Счастье ему изменило. Позор. Полный провал. Кошмарный сон наяву. Он стоит перед этой знатью, нагой и босой, с поникшей головой и вялой морковкой вместо могучей палицы. Чего надо той калмыцкой образине? Помощники, называется! Пусть сгинут с глаз долой — он за себя не отвечает. С удовольствием всадил бы всем по ключу в задницу, всем, кроме этой суки Поли, которая ему еще и спасибо скажет.

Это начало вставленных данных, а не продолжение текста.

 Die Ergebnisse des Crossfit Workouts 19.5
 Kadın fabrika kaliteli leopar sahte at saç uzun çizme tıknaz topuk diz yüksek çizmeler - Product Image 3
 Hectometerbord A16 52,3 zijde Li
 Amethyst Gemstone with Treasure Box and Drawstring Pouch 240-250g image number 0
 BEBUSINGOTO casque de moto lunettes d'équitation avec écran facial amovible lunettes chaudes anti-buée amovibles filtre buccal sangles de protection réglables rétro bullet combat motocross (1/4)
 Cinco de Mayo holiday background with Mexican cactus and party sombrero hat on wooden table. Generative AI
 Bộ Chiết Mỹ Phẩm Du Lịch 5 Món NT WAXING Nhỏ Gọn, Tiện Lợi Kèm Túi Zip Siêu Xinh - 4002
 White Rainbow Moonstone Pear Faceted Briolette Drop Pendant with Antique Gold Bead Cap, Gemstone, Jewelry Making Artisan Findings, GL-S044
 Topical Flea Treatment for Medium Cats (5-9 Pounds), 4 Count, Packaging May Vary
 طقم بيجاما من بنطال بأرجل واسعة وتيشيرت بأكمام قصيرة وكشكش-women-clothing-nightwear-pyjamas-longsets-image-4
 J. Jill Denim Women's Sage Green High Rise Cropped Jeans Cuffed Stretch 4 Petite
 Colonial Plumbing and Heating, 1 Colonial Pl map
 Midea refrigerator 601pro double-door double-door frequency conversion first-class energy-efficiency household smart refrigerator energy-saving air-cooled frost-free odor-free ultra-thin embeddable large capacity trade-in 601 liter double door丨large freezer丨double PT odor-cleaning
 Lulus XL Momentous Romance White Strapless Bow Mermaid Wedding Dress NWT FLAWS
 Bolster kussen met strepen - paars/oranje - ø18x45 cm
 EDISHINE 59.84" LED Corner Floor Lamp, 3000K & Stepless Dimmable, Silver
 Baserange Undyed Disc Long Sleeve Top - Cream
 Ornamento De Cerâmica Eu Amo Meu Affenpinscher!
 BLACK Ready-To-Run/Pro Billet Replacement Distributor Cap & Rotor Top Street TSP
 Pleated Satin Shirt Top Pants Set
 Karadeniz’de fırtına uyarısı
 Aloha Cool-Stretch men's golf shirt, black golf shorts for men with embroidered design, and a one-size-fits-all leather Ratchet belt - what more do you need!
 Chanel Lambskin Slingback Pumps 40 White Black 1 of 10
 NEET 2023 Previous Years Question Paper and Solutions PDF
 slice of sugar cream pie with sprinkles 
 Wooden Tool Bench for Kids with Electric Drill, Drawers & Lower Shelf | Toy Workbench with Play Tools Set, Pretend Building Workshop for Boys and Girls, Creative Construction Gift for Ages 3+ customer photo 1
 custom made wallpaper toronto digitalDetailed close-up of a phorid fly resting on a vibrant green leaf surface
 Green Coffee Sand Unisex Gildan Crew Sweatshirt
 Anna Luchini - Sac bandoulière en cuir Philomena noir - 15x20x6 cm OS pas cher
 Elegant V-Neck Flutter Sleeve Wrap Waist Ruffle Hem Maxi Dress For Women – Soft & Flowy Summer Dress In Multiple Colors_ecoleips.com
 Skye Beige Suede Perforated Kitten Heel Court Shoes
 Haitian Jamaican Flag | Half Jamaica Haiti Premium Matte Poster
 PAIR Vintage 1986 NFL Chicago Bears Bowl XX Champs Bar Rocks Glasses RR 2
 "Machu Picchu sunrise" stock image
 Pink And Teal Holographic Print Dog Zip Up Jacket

Зал пришел в движение: кто-то незаметно протискивается от сцены к трону, кто-то повернулся спиной, дамы заслоняют веерами лица. Бинетти сверлит его злобным взглядом, будто он опозорился ей в отместку. Смех Браницкого и Катай, недоверие в глазах епископа Красицкого, презрение на лице посла Репнина. А король? Король ждет, подперев ладонью щеку, будто добросовестное классическое воспитание и придворный этикет заставляют его, не подавая виду, дотерпеть до конца.

* * *

Это шанс. Но что ему — голому, босому, оскопленному — с этим шансом делать? Он недостоин благосклонности монарха.

И все же кто-то ему улыбается. Князь Казимеж. Улыбается и многозначительно подмигивает, словно они, сговорившись, откололи отменную шутку. Считает его остроумцем, а то, что произошло, — шутовской выходкой? Боже, неужто это знак, которого он ждал? Он будет шутом. Шутам прощают неудачи и постыдные провалы, шутов допускают к трону и в спальню. При здешнем дворе шута нет. Не было до сегодняшнего дня.

Джакомо еще раз поклонился — так низко, что вынужден был опереться на руку, чтоб не упасть. Неплохо: веселый шумок прибавил ему сил.

А король? Пока ничего. Боже, помоги шуту!

— Это была всего лишь проба. Неблагоприятное расположение звезд и противостояние Венеры и Марса привели, как вы могли заметить, к тому, что первая попытка, — подбросил вверх согревшийся в ладони ключ, ловко его поймал, — оказалась не по зубам нашему маленькому Иеремии Великому.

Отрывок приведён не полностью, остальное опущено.